14 ottobre 2009 00:00

Il crollo dell’Unione Sovietica, simboleggiato dalla caduta del muro di Berlino, avrebbe generato – così si dice – un mondo unipolare, in cui gli Stati Uniti sarebbero ormai l’unica superpotenza globale. Nel giro di qualche mese l’amministrazione statunitense, guidata allora da George Bush padre, presentò il nuovo corso di Washington: tutto rimaneva come prima, ma con pretesti nuovi.

Come dire: abbiamo ancora bisogno di un colossale apparato militare, ma il motivo è che le potenze del terzo mondo sono ormai “tecnologicamente sofisticate”. E dobbiamo continuare a intervenire in Medio Oriente, regione ricca di petrolio e dove ci sono le minacce più significative agli interessi americani. Di tutto questo si è parlato poco, ma per chi spera di capire il mondo è una vicenda molto istruttiva.

Nel suo primo mandato l’amministrazione di George W. Bush è arrivata agli estremi del militarismo aggressivo e del disprezzo arrogante, e per questo è stata aspramente criticata. Poi, nel suo secondo mandato, Bush ha adottato una linea più moderata, estromettendo alcuni dei suoi collaboratori più estremisti (Donald Rumsfeld, Paul Wolfowitz, Douglas Feith e altri). E così la politica della Casa Bianca ha cominciato a rientrare nella normalità.

Quando Barack Obama stava per entrare alla Casa Bianca, Condoleezza Rice ha previsto che il nuovo presidente avrebbe seguito la politica del secondo mandato di Bush. E infatti è andata più o meno così, a parte la retorica diversa con cui Obama sembra aver incantato buona parte del mondo. In difesa della scelta di dare a Obama il premio Nobel per la pace, si potrebbe dire che la totale inerzia del nuovo presidente lo rende moralmente più meritevole di altri premiati del passato, di cui non farò i nomi.

Ma una differenza fondamentale tra Bush e Obama c’è. La spiegò benissimo uno dei più ascoltati consiglieri dell’amministrazione Kennedy, in un’era completamente diversa: al culmine della crisi missilistica di Cuba. A quel tempo gli strateghi di Kennedy presero decisioni che esponevano la Gran Bretagna al rischio di annientamento, ma non informarono gli inglesi. Ed ecco come quel consigliere definì la special relationship, cioè il rapporto speciale tra Washington e Londra: “La Gran Bretagna è il nostro luogotenente… anche se il termine oggi in voga è ‘partner’”.

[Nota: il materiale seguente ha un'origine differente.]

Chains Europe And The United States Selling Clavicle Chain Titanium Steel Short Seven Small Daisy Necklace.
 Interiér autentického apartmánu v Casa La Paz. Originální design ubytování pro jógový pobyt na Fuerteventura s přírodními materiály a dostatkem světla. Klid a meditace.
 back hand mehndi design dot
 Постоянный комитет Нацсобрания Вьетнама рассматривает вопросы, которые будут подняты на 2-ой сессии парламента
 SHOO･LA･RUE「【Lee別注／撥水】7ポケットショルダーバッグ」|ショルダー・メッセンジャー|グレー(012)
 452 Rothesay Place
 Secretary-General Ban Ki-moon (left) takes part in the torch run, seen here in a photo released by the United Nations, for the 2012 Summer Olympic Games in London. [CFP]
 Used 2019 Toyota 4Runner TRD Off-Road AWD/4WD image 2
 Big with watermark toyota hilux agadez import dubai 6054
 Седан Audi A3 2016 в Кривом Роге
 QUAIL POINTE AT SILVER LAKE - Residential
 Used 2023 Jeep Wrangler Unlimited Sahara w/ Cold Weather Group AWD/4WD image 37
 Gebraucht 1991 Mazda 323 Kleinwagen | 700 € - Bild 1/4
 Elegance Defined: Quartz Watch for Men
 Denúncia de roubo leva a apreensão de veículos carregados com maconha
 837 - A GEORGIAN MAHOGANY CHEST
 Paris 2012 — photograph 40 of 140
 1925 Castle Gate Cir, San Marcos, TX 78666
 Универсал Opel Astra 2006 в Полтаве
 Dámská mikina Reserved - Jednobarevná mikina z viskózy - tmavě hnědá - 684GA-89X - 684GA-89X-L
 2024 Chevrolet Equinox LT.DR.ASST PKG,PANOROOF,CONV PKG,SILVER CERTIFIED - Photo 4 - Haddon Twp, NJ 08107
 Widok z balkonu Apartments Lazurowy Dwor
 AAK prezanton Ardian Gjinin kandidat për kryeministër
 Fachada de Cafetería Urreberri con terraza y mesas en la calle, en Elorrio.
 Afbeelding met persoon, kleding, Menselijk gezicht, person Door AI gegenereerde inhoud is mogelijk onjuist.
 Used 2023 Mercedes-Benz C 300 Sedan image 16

Ecco, Bush e i suoi hanno trattato gli altri paesi da “luogotenenti”. Obama ha adottato una linea diversa: saluta educatamente i leader e i popoli del mondo chiamandoli “partner” e continua a trattarli da “luogotenenti” solo in privato. I leader stranieri preferiscono questo modo di fare, e anche l’opinione pubblica a volte ne viene ipnotizzata. Ma è più saggio prestare attenzione ai fatti che alla retorica e alle belle maniere.

Il sistema mondiale di oggi è ancora unipolare sotto un unico profilo: sul terreno della forza. Per il loro apparato militare, gli Stati Uniti spendono quasi quanto tutto il resto del mondo, e sul piano delle tecnologie di distruzione sono di gran lunga più avanti. Inoltre sono l’unico paese che ha centinaia di basi militari sparse in tutto il mondo e che occupa due paesi nelle regioni decisive del pianeta, quelle che producono energia.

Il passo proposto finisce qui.